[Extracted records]
★ ★ ★ ★ ★

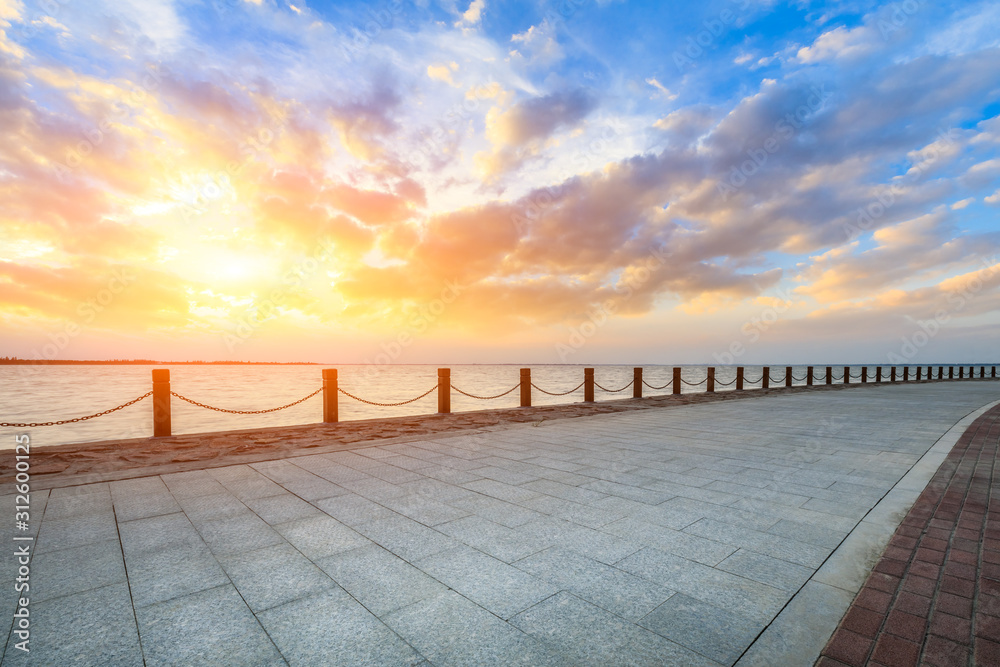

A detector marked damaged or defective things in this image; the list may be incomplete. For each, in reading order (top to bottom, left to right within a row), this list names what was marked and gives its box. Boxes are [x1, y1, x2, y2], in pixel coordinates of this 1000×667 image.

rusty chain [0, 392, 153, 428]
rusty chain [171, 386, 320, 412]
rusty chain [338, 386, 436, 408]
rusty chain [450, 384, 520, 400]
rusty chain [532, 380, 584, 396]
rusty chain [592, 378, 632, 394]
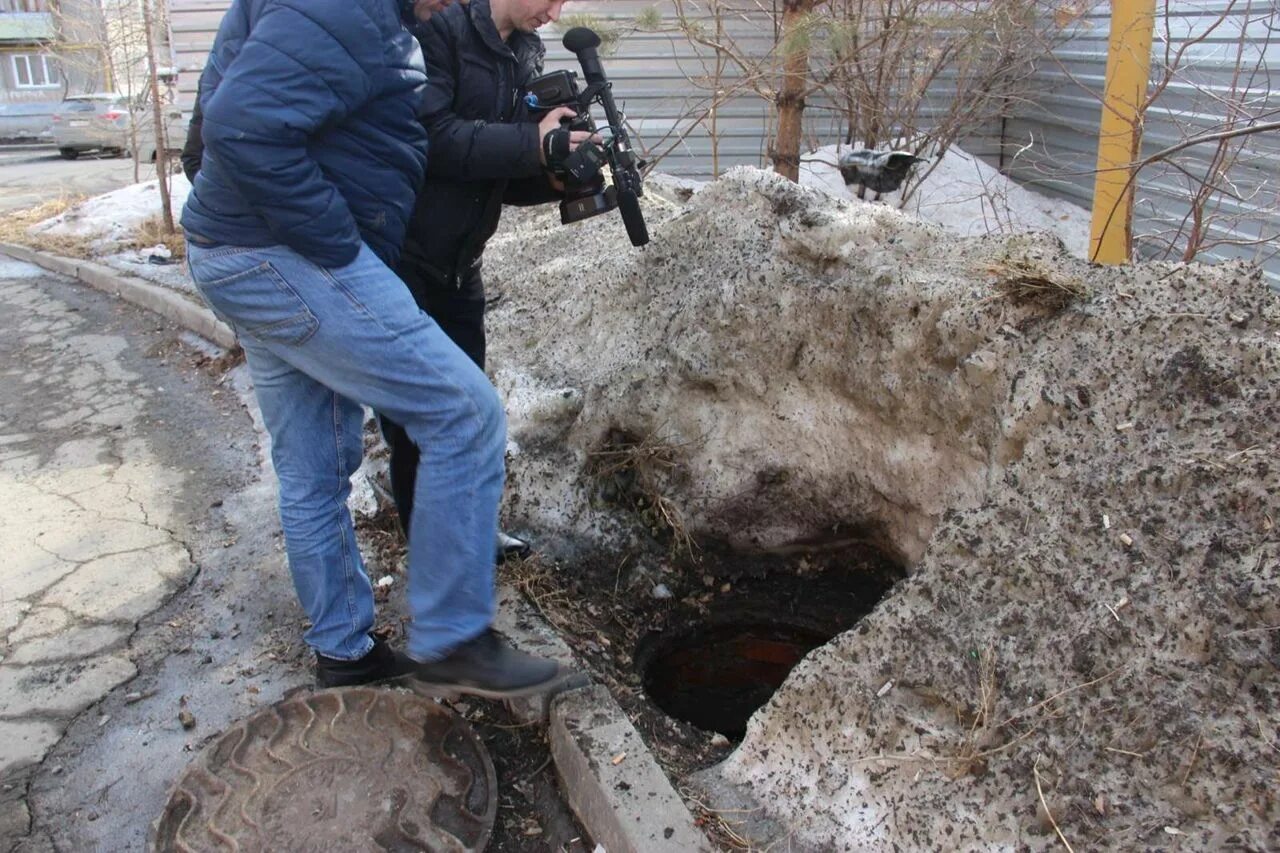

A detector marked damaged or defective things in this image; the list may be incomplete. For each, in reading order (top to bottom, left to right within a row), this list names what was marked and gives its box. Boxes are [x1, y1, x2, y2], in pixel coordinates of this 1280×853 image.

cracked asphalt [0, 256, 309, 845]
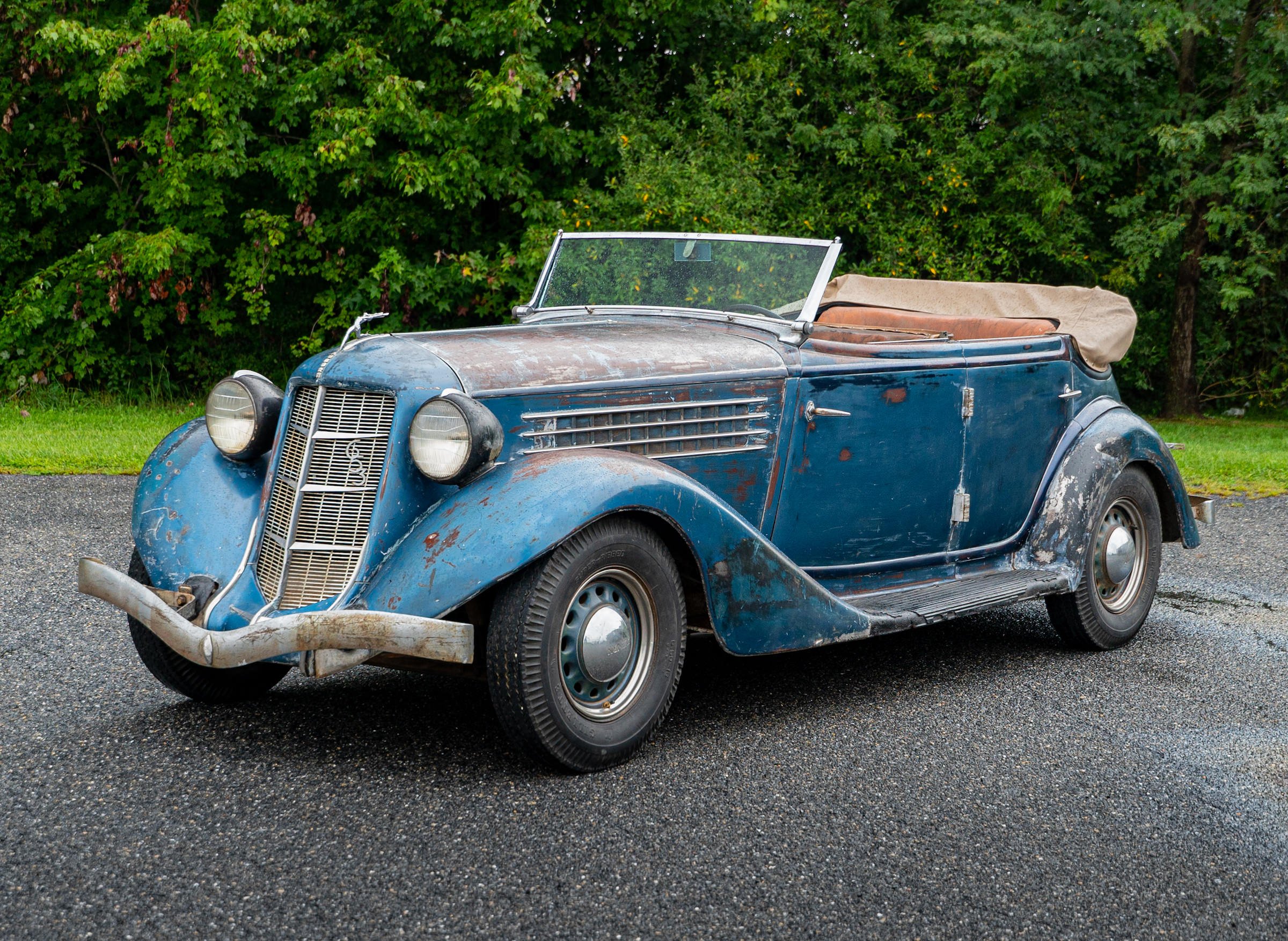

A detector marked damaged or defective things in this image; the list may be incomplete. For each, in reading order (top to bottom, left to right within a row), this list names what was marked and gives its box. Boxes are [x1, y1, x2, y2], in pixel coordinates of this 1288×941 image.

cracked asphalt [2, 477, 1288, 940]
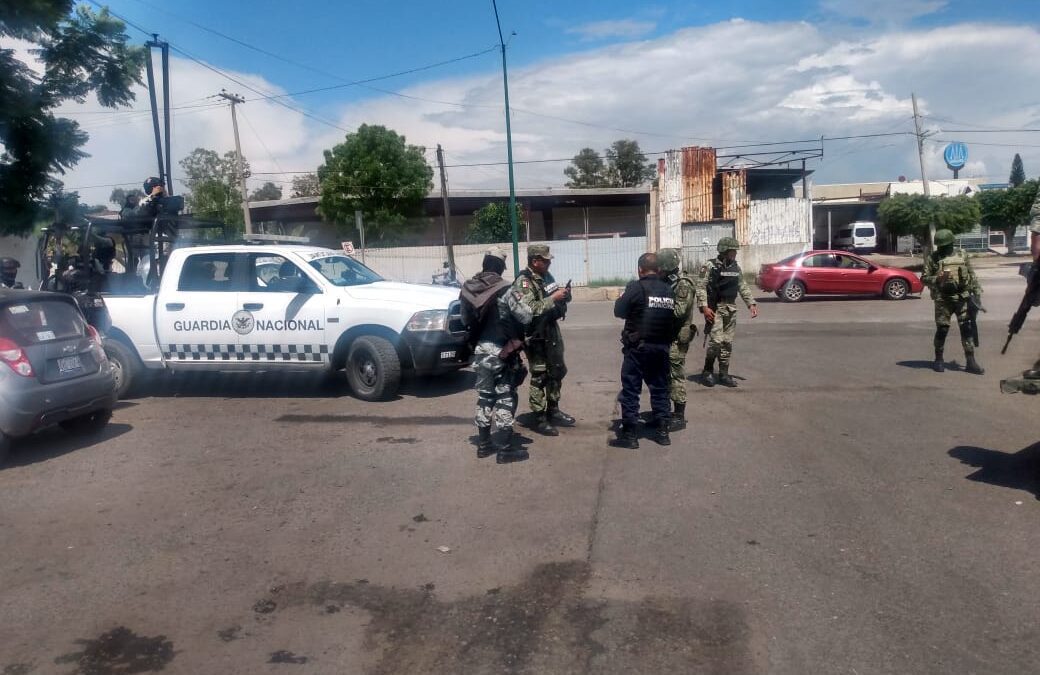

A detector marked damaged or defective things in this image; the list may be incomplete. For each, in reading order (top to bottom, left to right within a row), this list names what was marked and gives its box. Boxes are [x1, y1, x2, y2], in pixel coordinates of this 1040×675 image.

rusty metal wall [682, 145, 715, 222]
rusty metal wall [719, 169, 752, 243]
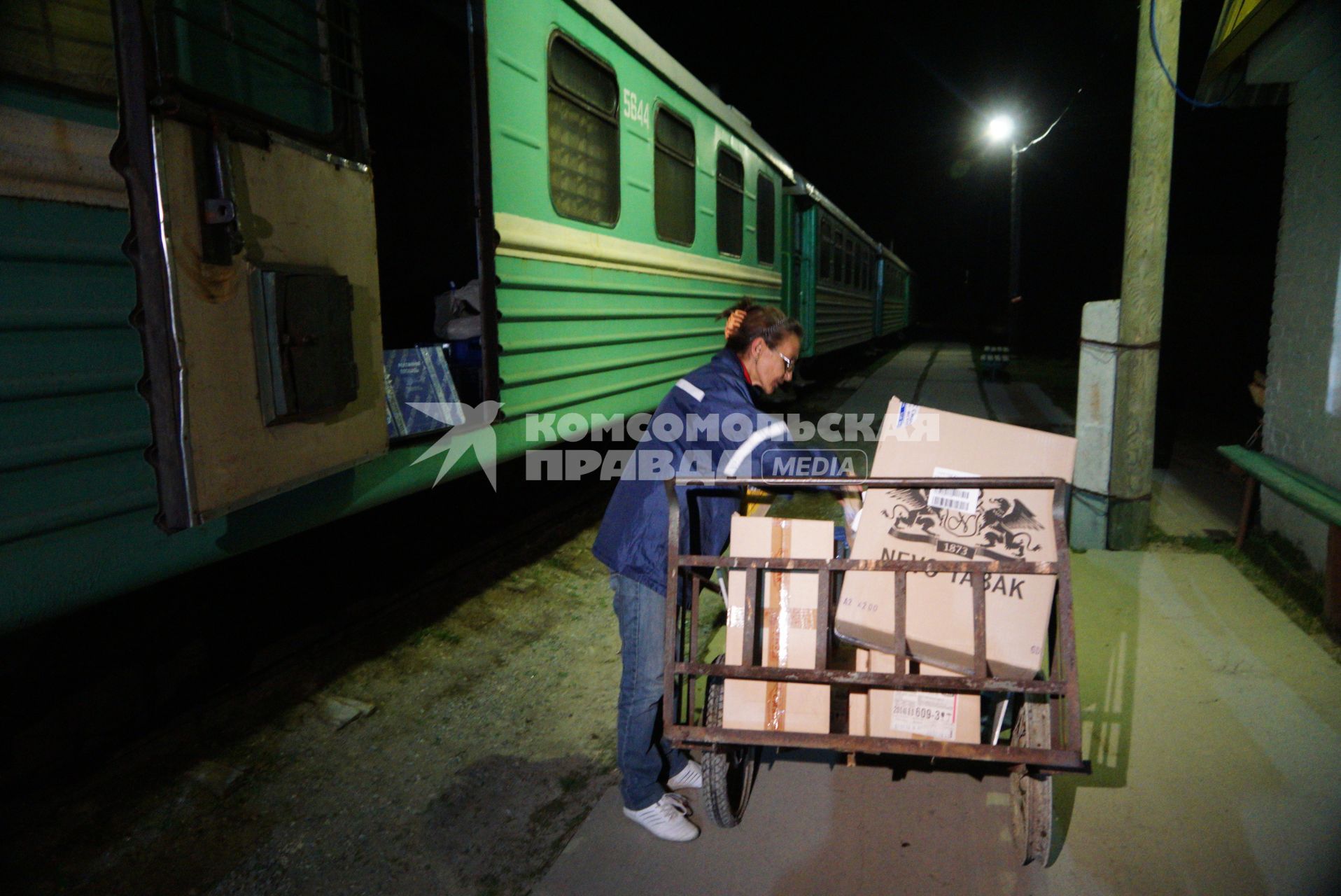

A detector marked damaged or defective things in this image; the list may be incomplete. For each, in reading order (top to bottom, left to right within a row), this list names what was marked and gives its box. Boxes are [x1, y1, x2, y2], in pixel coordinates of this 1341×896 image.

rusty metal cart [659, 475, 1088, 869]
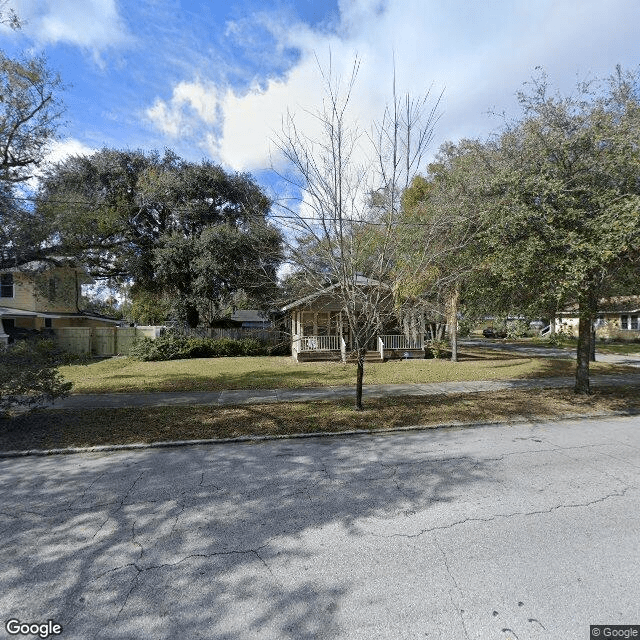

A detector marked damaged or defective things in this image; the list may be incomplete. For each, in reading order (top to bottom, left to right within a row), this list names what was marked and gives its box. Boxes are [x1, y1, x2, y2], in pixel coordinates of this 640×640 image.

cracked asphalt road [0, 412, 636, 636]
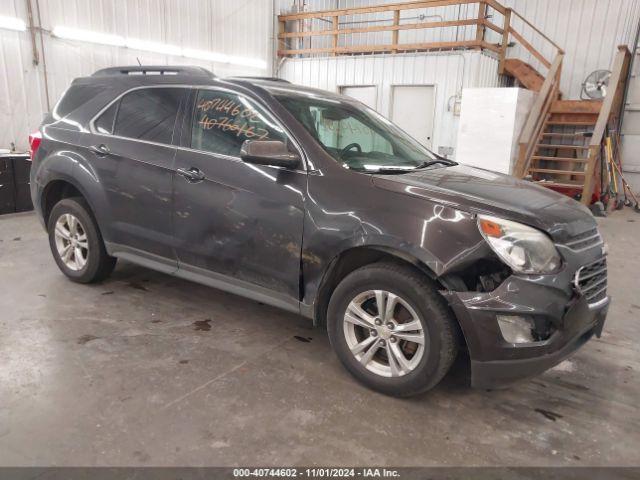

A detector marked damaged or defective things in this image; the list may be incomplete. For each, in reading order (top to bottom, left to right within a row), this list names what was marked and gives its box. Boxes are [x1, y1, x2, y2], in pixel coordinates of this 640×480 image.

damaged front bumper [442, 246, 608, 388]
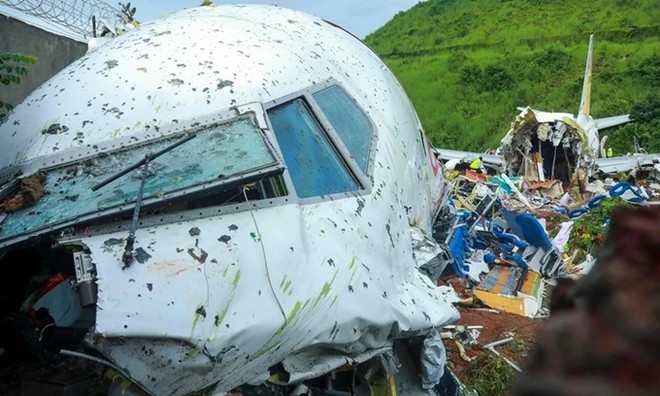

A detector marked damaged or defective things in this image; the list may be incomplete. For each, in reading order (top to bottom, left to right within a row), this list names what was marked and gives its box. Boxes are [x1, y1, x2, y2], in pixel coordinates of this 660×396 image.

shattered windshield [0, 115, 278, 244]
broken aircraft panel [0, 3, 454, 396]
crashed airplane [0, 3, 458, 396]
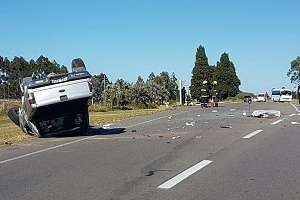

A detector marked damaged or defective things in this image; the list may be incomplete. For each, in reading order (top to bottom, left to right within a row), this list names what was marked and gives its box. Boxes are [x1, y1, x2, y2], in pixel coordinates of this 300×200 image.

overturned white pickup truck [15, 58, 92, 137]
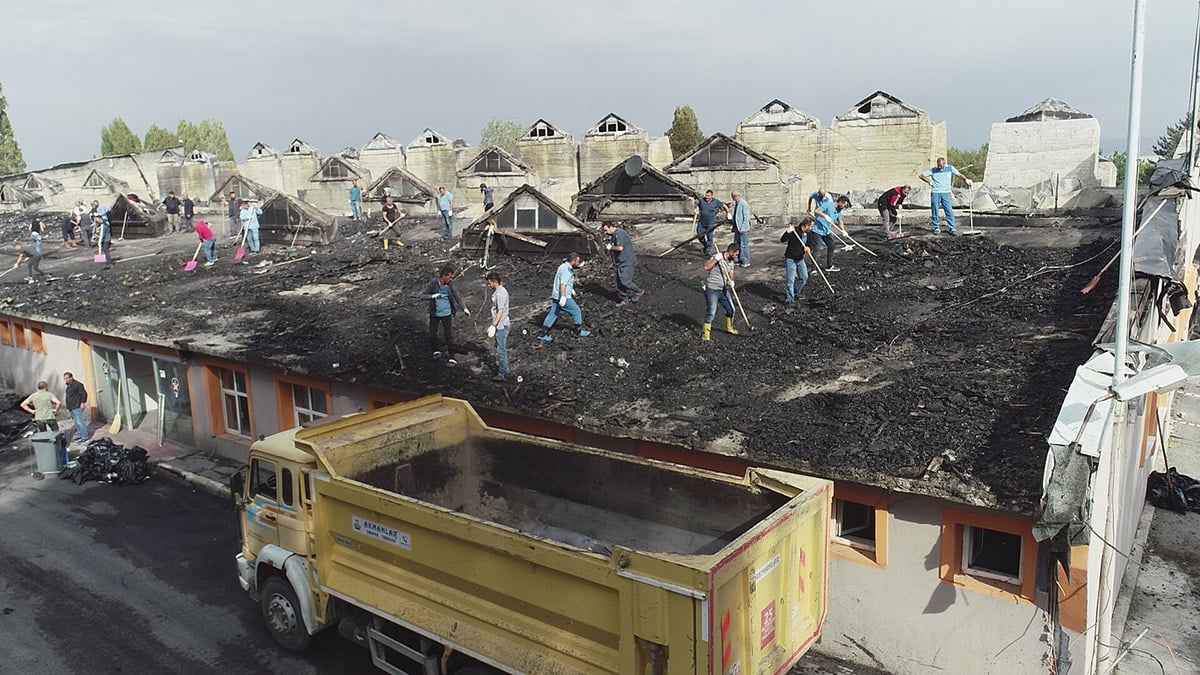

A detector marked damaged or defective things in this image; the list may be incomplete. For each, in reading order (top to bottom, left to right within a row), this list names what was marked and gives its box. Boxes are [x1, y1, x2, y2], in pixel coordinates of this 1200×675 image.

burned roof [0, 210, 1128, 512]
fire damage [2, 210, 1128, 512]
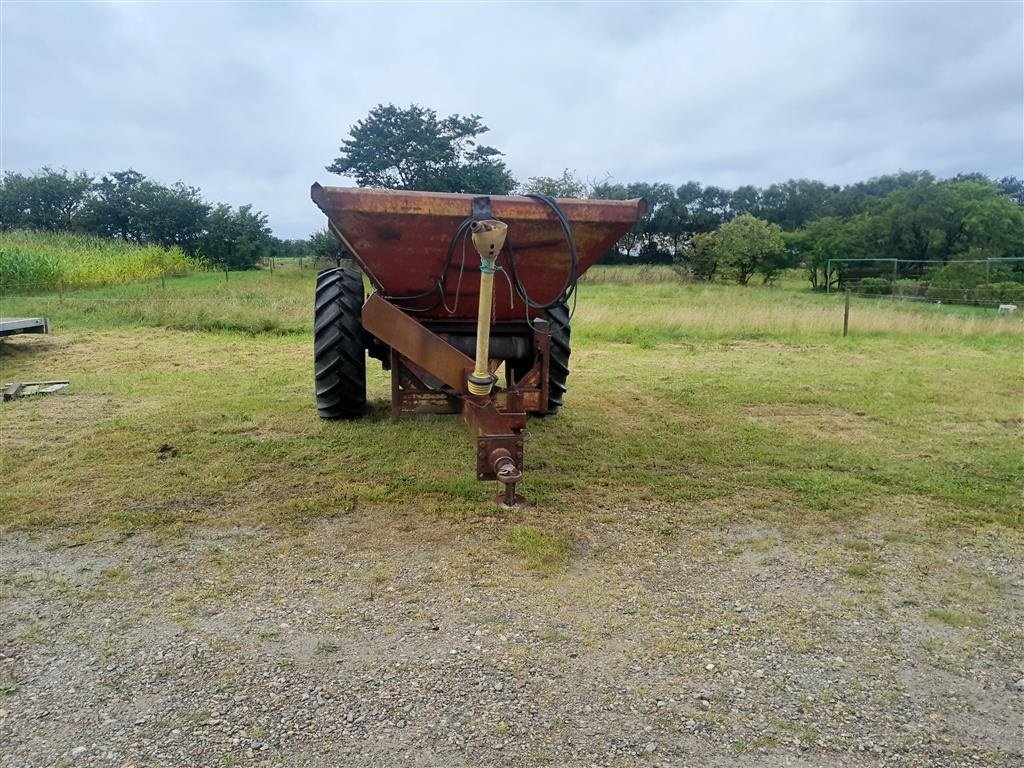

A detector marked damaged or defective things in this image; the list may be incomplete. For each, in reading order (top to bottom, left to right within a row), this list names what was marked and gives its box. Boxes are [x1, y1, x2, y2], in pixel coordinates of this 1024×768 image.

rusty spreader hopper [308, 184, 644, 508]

★ ★ ★ ★ ★

Return every record exactly. Pictures stay out.

_RESPONSE AREA:_
A detector marked damaged or defective things in this image; the list may be incomplete. For each, in reading order (top to bottom, left to right within a row), this list names what was marked and gives its box. Boxes are [x1, y1, x2, y2], in pixel coordinates of this 1000×667 image.

rusty chain [0, 392, 153, 428]
rusty chain [171, 386, 320, 412]
rusty chain [338, 386, 436, 408]
rusty chain [450, 384, 520, 400]
rusty chain [532, 380, 584, 396]
rusty chain [592, 378, 632, 394]

A detector marked damaged or defective things in this image; the list may be incomplete. For each, in reading order (top to bottom, left to right within a row), this list names what was marked and gives its box. Boxes are [x1, y1, x2, y2], in pixel coordinates of this 1280×853 image.

cracked asphalt [0, 256, 309, 845]

A detector marked damaged or defective things in this image; the list may be incomplete. For each, in reading order (top to bottom, left to right within a row), this list names what was marked and gives its box. Boxes are [x1, y1, x2, y2], in pixel coordinates of this 1288×941 image.

cracked asphalt [2, 477, 1288, 940]

A detector marked damaged or defective things in this image; the list may be incomplete. For each, in reading order (top to bottom, left to right within a row), this list names what was marked and gives its box. Boxes are [x1, y1, x2, y2], in pixel coordinates of this 1040×675 image.

rusty metal wall [682, 145, 715, 222]
rusty metal wall [719, 169, 752, 243]

A detector marked damaged or defective things in this image; the list may be incomplete. For each, in reading order (top to bottom, left to right within a row), this list names what was marked and gives its box. Boxes are [x1, y1, x2, y2], in pixel coordinates of this 1341×896 image.

rusty metal cart [659, 475, 1088, 869]

A detector marked damaged or defective things in this image; the list may be incomplete. For each, in reading order (top to bottom, left to right within a row), this list names what was marked and gives its box. Boxes are [x1, y1, x2, y2], in pixel coordinates of this 640×640 image.

cracked asphalt road [0, 412, 636, 636]

A detector marked damaged or defective things in this image; the list may be incomplete. For each, in reading order (top to bottom, left to right within a row), this list names what was marked and gives its box. Boxes are [x1, y1, x2, y2], in pixel coordinates of this 640×480 image.

damaged front bumper [442, 246, 608, 388]

A detector marked damaged or defective things in this image; the list may be incomplete. For each, in reading order (top to bottom, left to right within a row), this list names what was marked and gives its box. Boxes are [x1, y1, x2, y2], in pixel coordinates of this 660×396 image.

shattered windshield [0, 115, 278, 244]
broken aircraft panel [0, 3, 454, 396]
crashed airplane [0, 3, 458, 396]

A detector marked damaged or defective things in this image; the list may be incomplete. For each, in reading order (top to bottom, left to right within a row), this list names what was marked and gives its box. Boxes are [x1, y1, x2, y2], in pixel coordinates of this 300×200 image.

overturned white pickup truck [15, 58, 92, 137]

A detector marked damaged or defective things in this image; the list may be incomplete. For each, in reading order (top to bottom, left to right within a row), this list names what was marked and gives its box. Boxes are [x1, y1, x2, y2], in pixel coordinates of this 1200×675 image.

burned roof [0, 210, 1128, 512]
fire damage [2, 210, 1128, 512]

A detector marked damaged or defective things in this image; the list may be incomplete. For each, in reading order (top to bottom, left to right within a row), this list names what was marked and gives its box. Boxes are [x1, y1, x2, y2], in pixel coordinates of this 1024×768 image.

rusty spreader hopper [308, 184, 644, 508]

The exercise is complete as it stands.